Task item:
Please give back only the lines below from the one containing "601 Carnelian" to the one containing "SsangYong Rexton (3 foto / 6)", each repeated word for word, both ends included.
*** Provided records
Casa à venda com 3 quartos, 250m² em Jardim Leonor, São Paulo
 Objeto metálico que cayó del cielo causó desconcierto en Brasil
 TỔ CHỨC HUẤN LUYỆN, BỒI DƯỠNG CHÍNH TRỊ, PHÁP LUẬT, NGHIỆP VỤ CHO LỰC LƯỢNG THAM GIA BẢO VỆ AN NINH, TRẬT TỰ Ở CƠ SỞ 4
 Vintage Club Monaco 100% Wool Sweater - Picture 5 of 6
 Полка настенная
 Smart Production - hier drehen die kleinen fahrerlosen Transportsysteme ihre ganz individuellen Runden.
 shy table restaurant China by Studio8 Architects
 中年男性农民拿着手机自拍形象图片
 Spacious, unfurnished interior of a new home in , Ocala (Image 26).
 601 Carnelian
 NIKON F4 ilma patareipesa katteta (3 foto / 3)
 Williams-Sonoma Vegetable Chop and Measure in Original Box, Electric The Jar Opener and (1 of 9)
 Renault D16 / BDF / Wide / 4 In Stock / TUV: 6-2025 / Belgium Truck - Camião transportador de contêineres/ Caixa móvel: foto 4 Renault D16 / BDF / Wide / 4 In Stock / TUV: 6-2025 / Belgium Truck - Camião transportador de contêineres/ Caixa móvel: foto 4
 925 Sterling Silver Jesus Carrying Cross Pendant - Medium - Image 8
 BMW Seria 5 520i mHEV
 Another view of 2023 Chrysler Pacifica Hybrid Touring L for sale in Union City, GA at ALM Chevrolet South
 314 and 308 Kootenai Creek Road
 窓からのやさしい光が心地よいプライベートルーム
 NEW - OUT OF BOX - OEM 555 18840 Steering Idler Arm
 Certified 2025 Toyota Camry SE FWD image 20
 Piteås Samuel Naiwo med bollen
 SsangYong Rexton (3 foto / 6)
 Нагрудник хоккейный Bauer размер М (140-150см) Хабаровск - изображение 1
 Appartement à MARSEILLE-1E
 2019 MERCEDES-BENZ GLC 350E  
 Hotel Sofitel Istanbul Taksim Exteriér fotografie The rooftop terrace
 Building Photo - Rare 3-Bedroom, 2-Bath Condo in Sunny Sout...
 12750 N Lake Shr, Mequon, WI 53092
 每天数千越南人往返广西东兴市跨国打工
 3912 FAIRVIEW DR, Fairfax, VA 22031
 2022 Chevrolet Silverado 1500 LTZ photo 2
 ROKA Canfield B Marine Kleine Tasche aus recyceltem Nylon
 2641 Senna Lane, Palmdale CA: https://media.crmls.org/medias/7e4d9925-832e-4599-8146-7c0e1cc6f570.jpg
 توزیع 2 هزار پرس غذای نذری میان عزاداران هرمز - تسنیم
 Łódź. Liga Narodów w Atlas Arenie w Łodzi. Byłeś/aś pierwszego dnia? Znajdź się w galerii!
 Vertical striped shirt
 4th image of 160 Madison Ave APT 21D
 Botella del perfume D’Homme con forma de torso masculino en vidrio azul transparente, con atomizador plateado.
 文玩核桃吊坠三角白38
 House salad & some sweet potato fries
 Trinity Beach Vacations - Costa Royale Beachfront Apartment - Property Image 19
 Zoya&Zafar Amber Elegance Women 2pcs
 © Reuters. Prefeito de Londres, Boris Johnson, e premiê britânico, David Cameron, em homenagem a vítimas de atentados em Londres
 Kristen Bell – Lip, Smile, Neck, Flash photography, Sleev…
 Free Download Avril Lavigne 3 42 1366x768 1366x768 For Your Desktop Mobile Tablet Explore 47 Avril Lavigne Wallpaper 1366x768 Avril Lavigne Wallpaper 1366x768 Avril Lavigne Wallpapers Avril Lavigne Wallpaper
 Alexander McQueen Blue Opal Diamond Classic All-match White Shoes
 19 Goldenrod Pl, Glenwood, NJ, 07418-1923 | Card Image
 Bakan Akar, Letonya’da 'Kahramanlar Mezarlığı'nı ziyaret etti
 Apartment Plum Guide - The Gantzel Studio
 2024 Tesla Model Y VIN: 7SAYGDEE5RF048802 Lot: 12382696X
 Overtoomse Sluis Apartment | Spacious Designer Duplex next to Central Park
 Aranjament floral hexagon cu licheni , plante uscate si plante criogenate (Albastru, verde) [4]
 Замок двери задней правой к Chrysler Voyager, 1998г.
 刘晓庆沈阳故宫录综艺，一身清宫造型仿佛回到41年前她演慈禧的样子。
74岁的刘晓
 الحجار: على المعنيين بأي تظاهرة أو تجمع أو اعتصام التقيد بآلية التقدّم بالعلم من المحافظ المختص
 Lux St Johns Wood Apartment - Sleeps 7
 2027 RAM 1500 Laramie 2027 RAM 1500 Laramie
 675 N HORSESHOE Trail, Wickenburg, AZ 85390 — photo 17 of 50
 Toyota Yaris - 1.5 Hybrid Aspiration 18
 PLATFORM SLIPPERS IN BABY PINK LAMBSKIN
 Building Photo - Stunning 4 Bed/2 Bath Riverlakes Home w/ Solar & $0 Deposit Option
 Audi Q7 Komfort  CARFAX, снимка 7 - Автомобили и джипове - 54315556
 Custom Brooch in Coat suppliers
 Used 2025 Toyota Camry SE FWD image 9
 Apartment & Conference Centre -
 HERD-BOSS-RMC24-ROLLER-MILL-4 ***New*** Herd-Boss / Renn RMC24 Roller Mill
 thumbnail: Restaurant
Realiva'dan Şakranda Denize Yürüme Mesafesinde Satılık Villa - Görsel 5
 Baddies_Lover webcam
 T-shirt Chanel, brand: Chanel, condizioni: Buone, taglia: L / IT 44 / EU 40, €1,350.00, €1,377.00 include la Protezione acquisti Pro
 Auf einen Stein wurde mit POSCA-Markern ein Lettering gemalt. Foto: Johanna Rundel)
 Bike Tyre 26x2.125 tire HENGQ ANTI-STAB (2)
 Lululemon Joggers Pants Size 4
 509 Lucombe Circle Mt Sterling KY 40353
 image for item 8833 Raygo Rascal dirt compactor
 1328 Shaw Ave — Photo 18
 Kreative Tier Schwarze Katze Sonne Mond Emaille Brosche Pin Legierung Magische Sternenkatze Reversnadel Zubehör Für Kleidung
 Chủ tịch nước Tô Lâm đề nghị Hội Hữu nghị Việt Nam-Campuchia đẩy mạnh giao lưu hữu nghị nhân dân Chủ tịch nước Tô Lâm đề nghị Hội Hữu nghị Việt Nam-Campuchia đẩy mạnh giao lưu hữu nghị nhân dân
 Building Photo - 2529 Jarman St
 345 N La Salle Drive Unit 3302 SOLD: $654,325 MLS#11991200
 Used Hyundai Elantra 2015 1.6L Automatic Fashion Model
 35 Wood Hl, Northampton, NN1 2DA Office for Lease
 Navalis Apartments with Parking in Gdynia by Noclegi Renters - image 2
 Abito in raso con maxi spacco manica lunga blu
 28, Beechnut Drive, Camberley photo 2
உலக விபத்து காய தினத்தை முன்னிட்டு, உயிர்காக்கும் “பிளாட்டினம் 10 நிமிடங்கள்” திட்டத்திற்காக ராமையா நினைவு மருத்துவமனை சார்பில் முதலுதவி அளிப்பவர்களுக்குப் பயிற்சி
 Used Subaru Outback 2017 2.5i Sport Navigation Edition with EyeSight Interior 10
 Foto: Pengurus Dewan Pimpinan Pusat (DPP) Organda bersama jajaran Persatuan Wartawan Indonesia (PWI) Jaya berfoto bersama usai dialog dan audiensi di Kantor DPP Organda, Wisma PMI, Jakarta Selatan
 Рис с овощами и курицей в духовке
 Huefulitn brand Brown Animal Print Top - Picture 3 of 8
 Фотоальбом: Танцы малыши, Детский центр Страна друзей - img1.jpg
******
Solution to the problem:
 601 Carnelian
 NIKON F4 ilma patareipesa katteta (3 foto / 3)
 Williams-Sonoma Vegetable Chop and Measure in Original Box, Electric The Jar Opener and (1 of 9)
 Renault D16 / BDF / Wide / 4 In Stock / TUV: 6-2025 / Belgium Truck - Camião transportador de contêineres/ Caixa móvel: foto 4 Renault D16 / BDF / Wide / 4 In Stock / TUV: 6-2025 / Belgium Truck - Camião transportador de contêineres/ Caixa móvel: foto 4
 925 Sterling Silver Jesus Carrying Cross Pendant - Medium - Image 8
 BMW Seria 5 520i mHEV
 Another view of 2023 Chrysler Pacifica Hybrid Touring L for sale in Union City, GA at ALM Chevrolet South
 314 and 308 Kootenai Creek Road
 窓からのやさしい光が心地よいプライベートルーム
 NEW - OUT OF BOX - OEM 555 18840 Steering Idler Arm
 Certified 2025 Toyota Camry SE FWD image 20
 Piteås Samuel Naiwo med bollen
 SsangYong Rexton (3 foto / 6)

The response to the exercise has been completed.